*The problem*: Print the lines in the listing below that fall between the line with "The only thing" and the line with "Azure Metrics Advisor", those two lines included, exactly as they stand and with nothing else.

*Supplied records*:
--------------------------------

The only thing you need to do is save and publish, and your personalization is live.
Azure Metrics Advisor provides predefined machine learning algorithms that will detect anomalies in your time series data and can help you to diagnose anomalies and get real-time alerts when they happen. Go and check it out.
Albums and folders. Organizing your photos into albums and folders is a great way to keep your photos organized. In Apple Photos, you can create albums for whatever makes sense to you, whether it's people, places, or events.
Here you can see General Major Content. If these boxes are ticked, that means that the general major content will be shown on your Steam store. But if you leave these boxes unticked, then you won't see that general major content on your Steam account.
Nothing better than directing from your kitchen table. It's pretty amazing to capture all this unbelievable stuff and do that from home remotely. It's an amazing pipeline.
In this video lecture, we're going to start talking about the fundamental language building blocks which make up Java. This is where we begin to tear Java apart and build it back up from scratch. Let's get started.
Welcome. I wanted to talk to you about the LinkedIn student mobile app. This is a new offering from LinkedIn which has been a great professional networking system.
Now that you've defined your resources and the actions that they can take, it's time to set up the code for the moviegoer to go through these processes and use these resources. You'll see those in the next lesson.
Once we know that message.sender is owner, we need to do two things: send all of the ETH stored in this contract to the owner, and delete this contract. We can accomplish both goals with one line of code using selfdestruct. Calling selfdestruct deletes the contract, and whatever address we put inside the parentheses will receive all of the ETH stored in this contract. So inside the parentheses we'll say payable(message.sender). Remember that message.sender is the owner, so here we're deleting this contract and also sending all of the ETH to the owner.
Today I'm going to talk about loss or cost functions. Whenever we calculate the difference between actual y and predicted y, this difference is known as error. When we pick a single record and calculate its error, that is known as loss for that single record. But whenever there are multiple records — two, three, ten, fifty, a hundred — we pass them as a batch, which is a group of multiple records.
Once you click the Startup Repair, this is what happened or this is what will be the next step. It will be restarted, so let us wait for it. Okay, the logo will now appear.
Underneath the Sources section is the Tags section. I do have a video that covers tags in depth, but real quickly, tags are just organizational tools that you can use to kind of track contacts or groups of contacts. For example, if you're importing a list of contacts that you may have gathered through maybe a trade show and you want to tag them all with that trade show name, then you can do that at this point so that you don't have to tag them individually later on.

--------------------------------

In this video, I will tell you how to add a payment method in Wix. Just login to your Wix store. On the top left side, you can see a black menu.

--------------------------------

*Result for this task*:
The only thing you need to do is save and publish, and your personalization is live.
Azure Metrics Advisor provides predefined machine learning algorithms that will detect anomalies in your time series data and can help you to diagnose anomalies and get real-time alerts when they happen. Go and check it out.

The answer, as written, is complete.